The Secular Scripture

A Study of the Structure of Romance

Northrop Frye

book

Published: 1976

Pages: 199

"The most sophisticated study of popular culture, considered on a world scale, that we have yet had."--The New Republic

The acclaimed author of Anatomy of Criticism on the role of romance as a literary genre in Western culture.

At a time when literary criticism was dominated by close reading of individual works, Northrop Frye's sweeping, millennia-spanning investigations of the recurring symbols and archetypes that shape our literary traditions made him one of the most influential critics of his generation. Here, Frye brings his encyclopedic knowledge to bear on romance, a genre whose tropes have echoed through Western literature since the Homeric epics.

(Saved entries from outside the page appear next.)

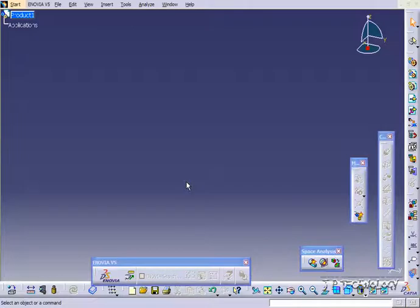This is tutorial number 118, and it covers how to use the snap feature within Catia V5.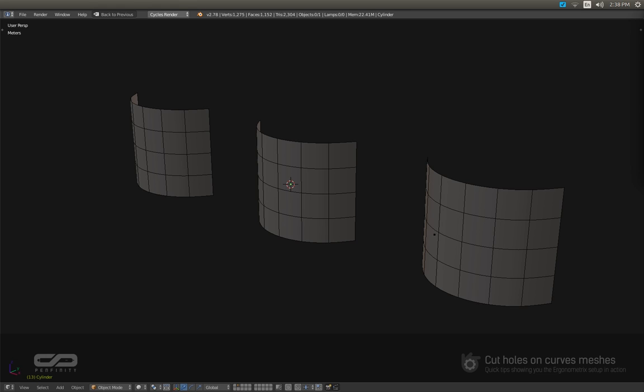Hi everybody, and welcome to Penfinity. My name is Wesley Vanitu, and in this quick tip, I'm going to show you how to cut a hole on a curved mesh.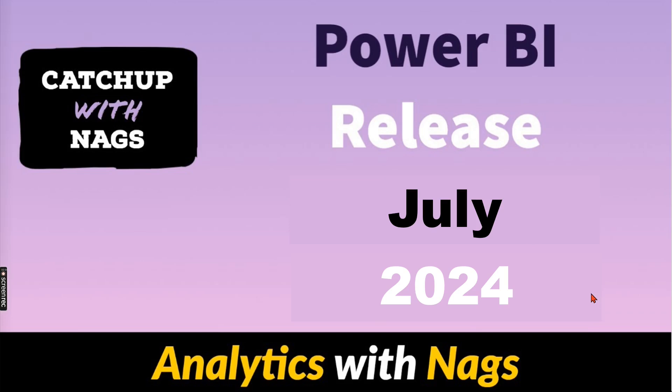Welcome to Analytics with Nags. In this video, I'm going to talk about the Power BI release for July 2024 as part of the Catch Up with Nags series. Let's try to understand what the Power BI team at Microsoft has brought for us this month.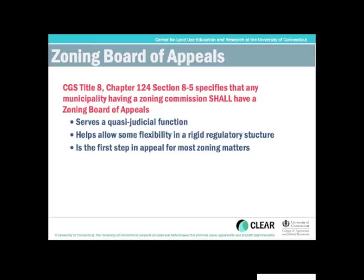The Zoning Board of Appeals is an interesting board and it's a different kind of board than the other local commissions. If you look at the state enabling legislation here, which is Connecticut General Statutes, Title 8, Chapter 124, Section 8-5, within that section you notice this is different than some of the other enabling legislation in that if you have created a zoning commission, you have to have a zoning board of appeals.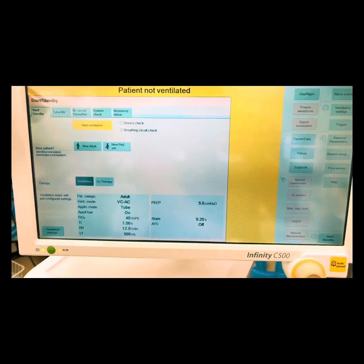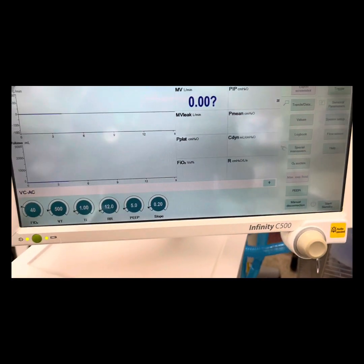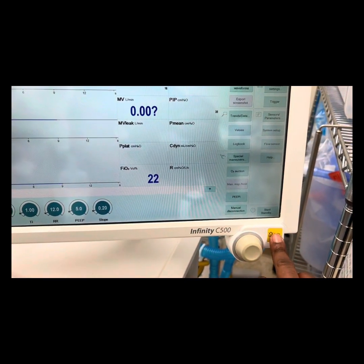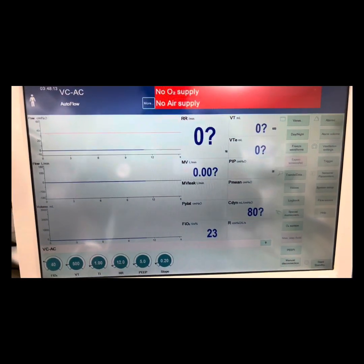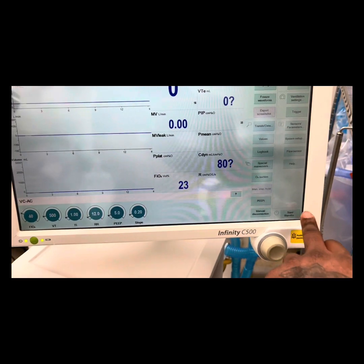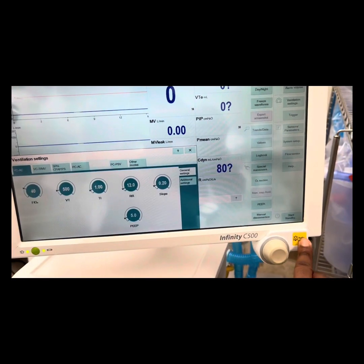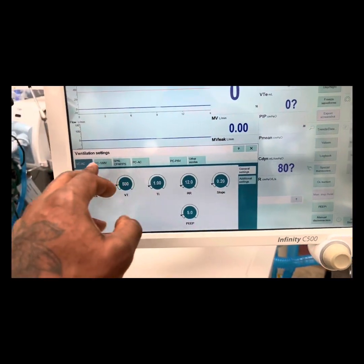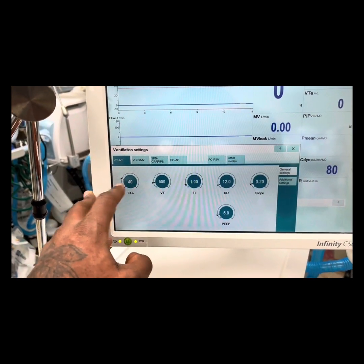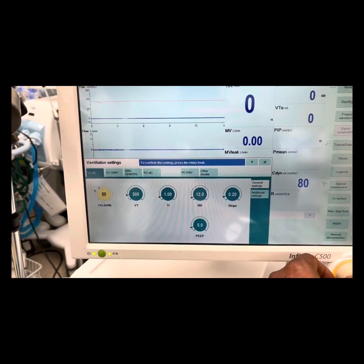That's how we get to our settings. It's not connected to the air or the oxygen. Go to settings, then more. Ignore this noise. From here you can select SIMV or AC — push, push, then select.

With its shipwrecks and magic potions, its plots of mistaken identity and the rescue of maidens in distress, romance has often been deemed unworthy of serious critical attention. Critics praise other aspects of The Odyssey or The Faerie Queene, for example, while forgiving the authors' indulgence in childishly romantic plots. For Frye, however, romance is far more than a puerile form of escapism. Rather, it constitutes a vital mythological universe, a "secular scripture" whose hero is man, paralleling the sacred scripture whose hero is God. Its plot elements--the descent into a lower world or escape into a higher one, the discovery of true identity and the breaking of enchantment, the quest where the end is the beginning transformed--form nothing less than "the structural core of all fiction."

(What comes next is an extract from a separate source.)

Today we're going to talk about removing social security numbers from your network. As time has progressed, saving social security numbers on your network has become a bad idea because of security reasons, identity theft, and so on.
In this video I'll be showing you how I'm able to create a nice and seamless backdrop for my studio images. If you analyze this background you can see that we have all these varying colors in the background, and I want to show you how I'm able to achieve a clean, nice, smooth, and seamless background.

Drawing freely from an enormous range of sources, from Dante and Milton to Lewis Carroll, from fairy tales to dime novels, The Secular Scripture ultimately argues that the Word of God and the word of man are cut from the same cloth. By recovering our own human mythologies, appreciating them in all their artifice, we can, like God in Genesis, look over the vast romance we have created and see that it is good.